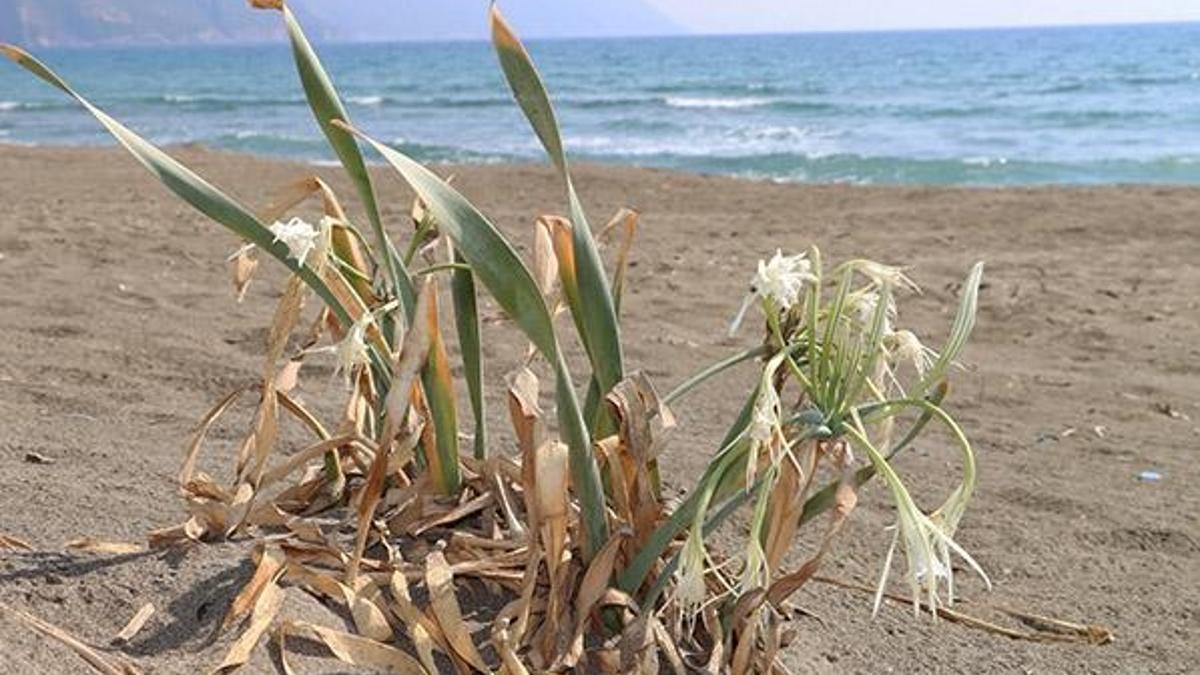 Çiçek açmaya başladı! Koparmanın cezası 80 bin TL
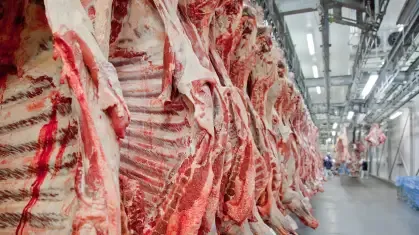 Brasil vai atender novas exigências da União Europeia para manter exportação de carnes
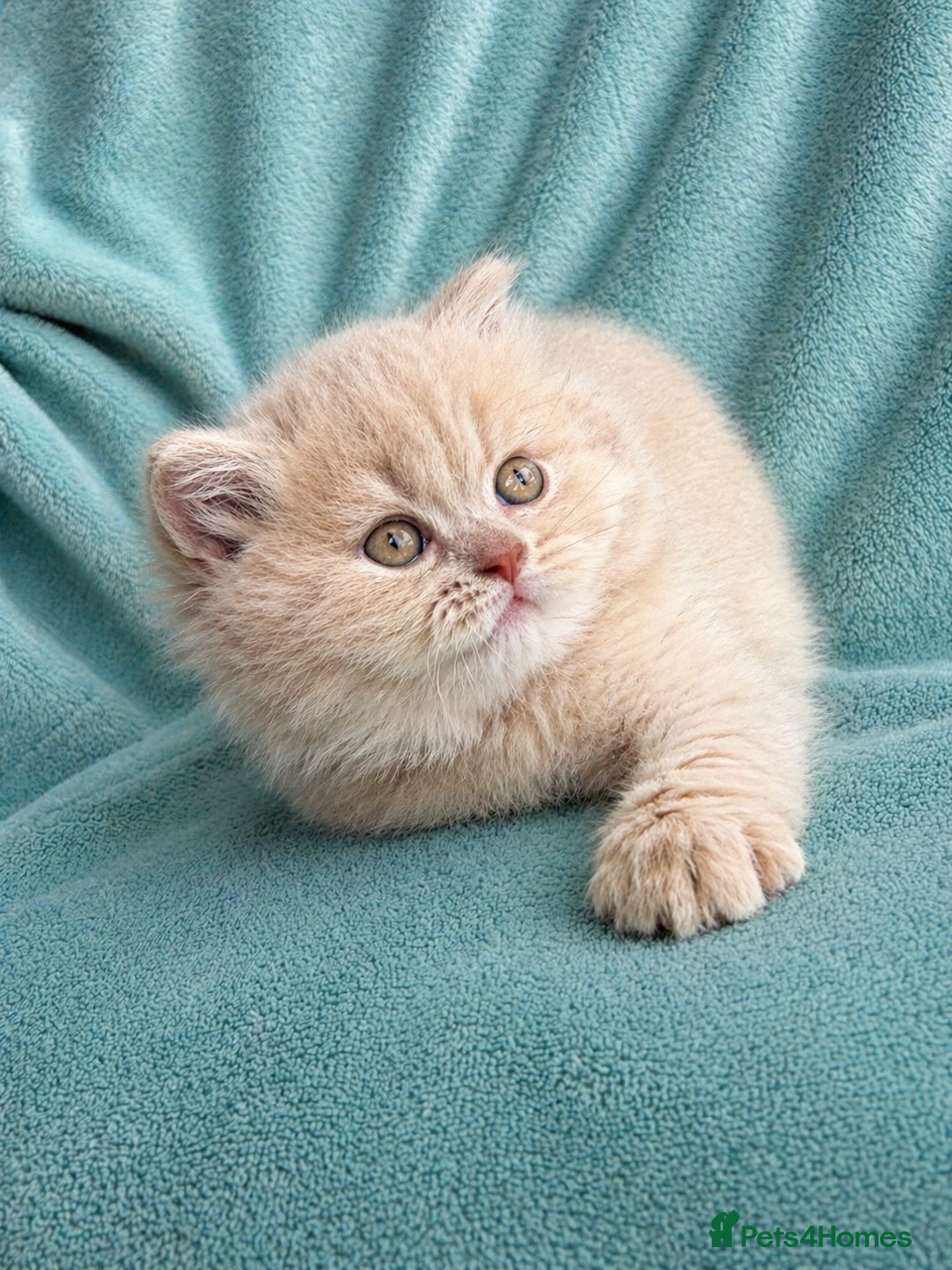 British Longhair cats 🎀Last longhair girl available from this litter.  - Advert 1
========================================
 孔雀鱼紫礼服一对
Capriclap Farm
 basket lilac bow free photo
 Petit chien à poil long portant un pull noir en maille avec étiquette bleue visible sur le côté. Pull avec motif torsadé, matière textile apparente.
========================================
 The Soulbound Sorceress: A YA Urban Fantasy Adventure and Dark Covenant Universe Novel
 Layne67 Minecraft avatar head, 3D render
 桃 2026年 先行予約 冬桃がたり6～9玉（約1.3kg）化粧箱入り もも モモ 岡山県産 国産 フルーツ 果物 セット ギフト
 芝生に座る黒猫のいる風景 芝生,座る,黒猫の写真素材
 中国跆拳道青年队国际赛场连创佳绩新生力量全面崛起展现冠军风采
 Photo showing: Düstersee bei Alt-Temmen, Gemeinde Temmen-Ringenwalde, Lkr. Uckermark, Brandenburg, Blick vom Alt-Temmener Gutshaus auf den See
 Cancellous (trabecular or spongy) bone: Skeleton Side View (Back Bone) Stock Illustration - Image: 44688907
========================================
• Your goal: Give only the lines from the one holding "芝生に座る黒猫のいる風景 芝生,座る,黒猫の写真素材" through the one holding "Cancellous (trabecular or", each restated exactly as it appears above.

• Output of the exercise:
 芝生に座る黒猫のいる風景 芝生,座る,黒猫の写真素材
 中国跆拳道青年队国际赛场连创佳绩新生力量全面崛起展现冠军风采
 Photo showing: Düstersee bei Alt-Temmen, Gemeinde Temmen-Ringenwalde, Lkr. Uckermark, Brandenburg, Blick vom Alt-Temmener Gutshaus auf den See
 Cancellous (trabecular or spongy) bone: Skeleton Side View (Back Bone) Stock Illustration - Image: 44688907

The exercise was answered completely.